It's easy to hard-boil quails' eggs. Put them in a pot and cover with at least an inch of water. Bring to a boil, then cover, turn off the heat, and let sit for five minutes. Drop the eggs into an ice-water bath to stop the cooking. (This helps prevent that unsightly gray ring from forming around the yolk). Once cooled, chill, then let your guests peel their own, sprinkling each bite with salt and smoked paprika. (This is a nice chance to show off whatever expensive crunchy salts you were gifted over the holidays, by the way.)

What else can you do with this month's bounty of eggs? There are souffles, of course, and Jacques Pepin's Asparagus Fans with hard-boiled eggs and mustard vinaigrette.

Once you've made your fill of scrambles and frittatas, over-easy's and sunny-sides-up, you can try a batch of these lovely, tender pancakes, made with cottage cheese, lots of eggs, and just a hint of lemon. Similar to lemon ricotta pancakes, these were a family specialty when I was growing up, served interchangeably for breakfast and Sunday-night supper, usually rolled around a dollop of sour cream and a spoonful of warmed Bing cherries.

After calling my mom for the recipe (which she found, scrawled in my teenage handwriting, on the flyleaf of one of her cookbooks), I made them again, for the first time in decades. They were exactly as I'd remembered: moist, tender, delicate and mess-free, with a taste somewhere between a crepe and a blintz.

All you need is a blender (or a bowl and a whisk) and a frying pan. Happy spring!

Cottage Cheese Pancakes
Measure your ingredients right into the blender, then buzz and go! The pancakes can be served with maple syrup, powdered sugar, or lemon glaze. If you want to keep your pancakes local, use Cowgirl Creamery's excellent, Marin-made cottage cheese, made from organic Straus Family Creamery milk.

Prep Time: 5 minutes
Cook Time: 5 minutes
Total time:10 minutes
Yield: 10 pancakes

Ingredients
1 cup small-curd cottage cheese
6 eggs
1/2 cup sifted all-purpose flour
1/4 cup milk
grated rind of 1 Meyer lemon (optional)
1/4 cup vegetable oil, such as grapeseed or canola
1/2 tsp vanilla extract
1/4 tsp salt
Butter, for greasing pan

Lemon Glaze:
3 tbsp butter
juice of 1 large Meyer lemon
1 tbsp sugar, or to taste

For Serving:
1/2 cup sour cream
1 cup pitted cherries, liquid reserved if canned
Powdered sugar

Preparation
1. Combine all pancake ingredients in a blender. Blend at high speed for 1 minute, stopping to scrape down sides once.

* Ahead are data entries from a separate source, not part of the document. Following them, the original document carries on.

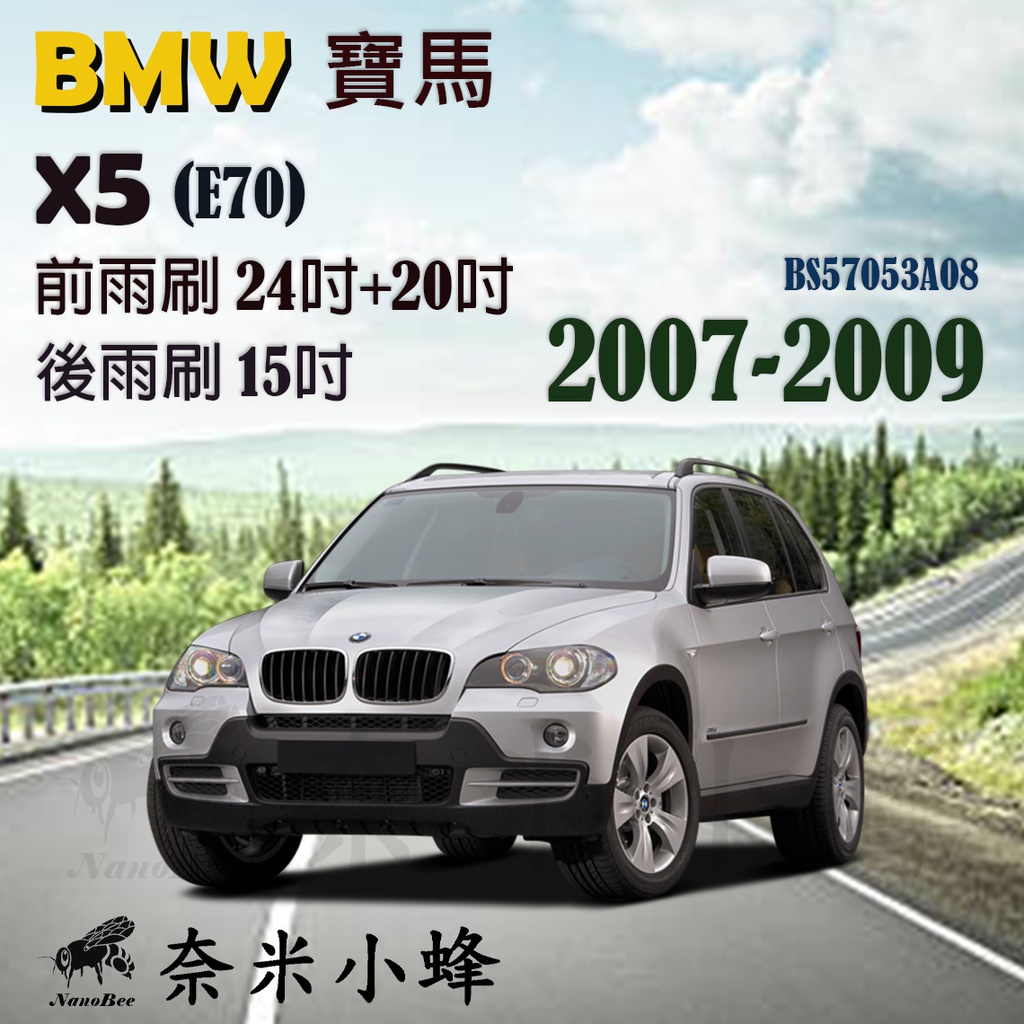 BMW 寶馬 X5 2007-2009(E70)雨刷 X5後雨刷 德製3A膠條 軟骨雨刷 矽膠雨刷【奈米小蜂】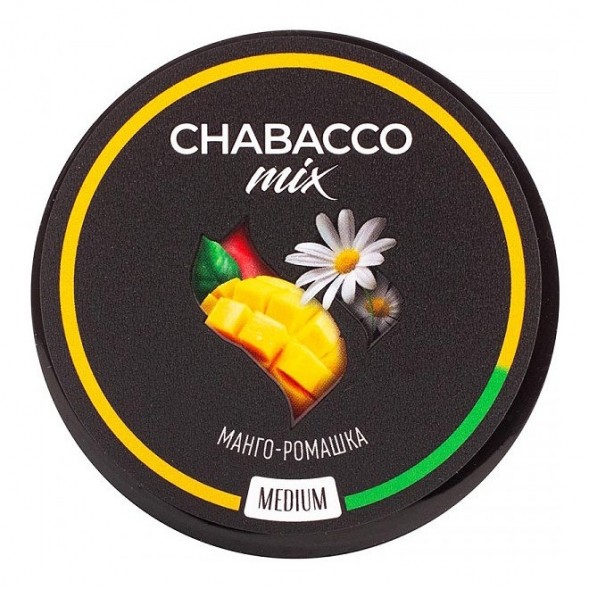Смесь Chabacco MIX MEDIUM - Mango Camomile (Манго - Ромашка, 200 грамм) купить в Челябинске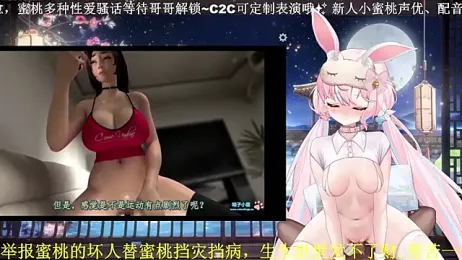 Mitao_ — Stripchat stream photo (Apr 2026)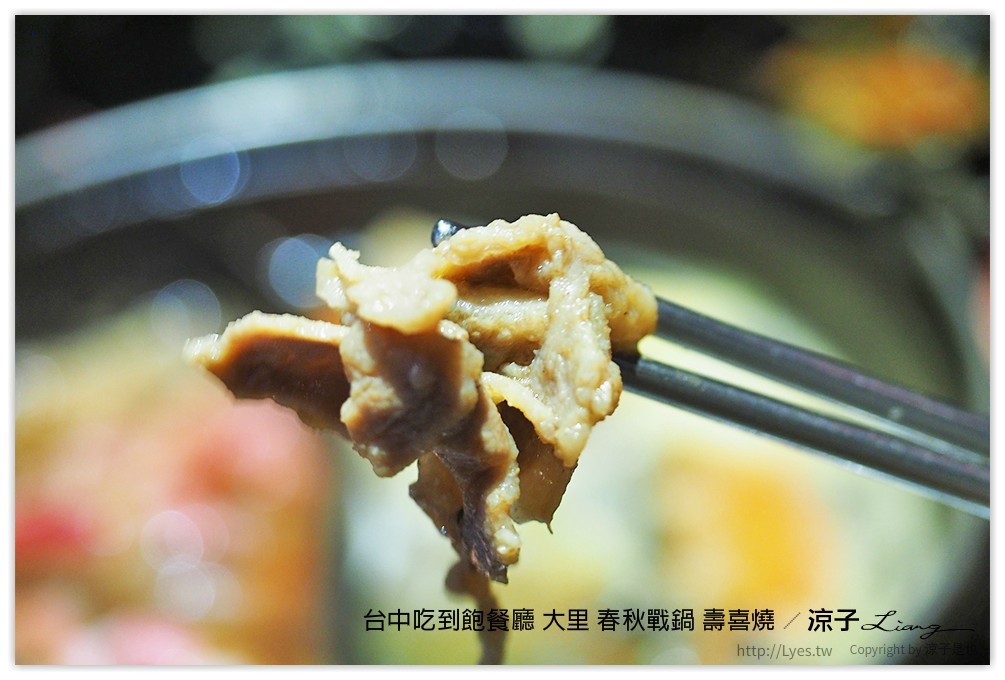 台中吃到飽餐廳 大里 春秋戰鍋 壽喜燒 43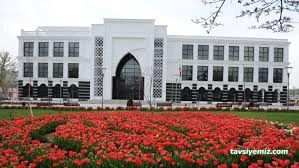 Konya İl Halk Kütüphanesi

2. Cook on a hot, lightly greased griddle or frying pan, using a 1/4 cup of batter for each pancake. Bake for approximately 2 minutes per side, until well golden browned.

3. While pancakes are cooking, make glaze. In a small saucepan, melt butter with lemon juice and sugar, cooking over low heat until butter is melted and mixture is slightly syrupy. If using cherries, warm in their liquid until plump and heated through.

4. Serve pancakes immediately, drizzled with glaze. If desired, fill each pancake with a dollop of sour cream and a spoonful of cherries. Roll pancake up around filling. Sprinkle with powdered sugar and/or drizzle with glaze.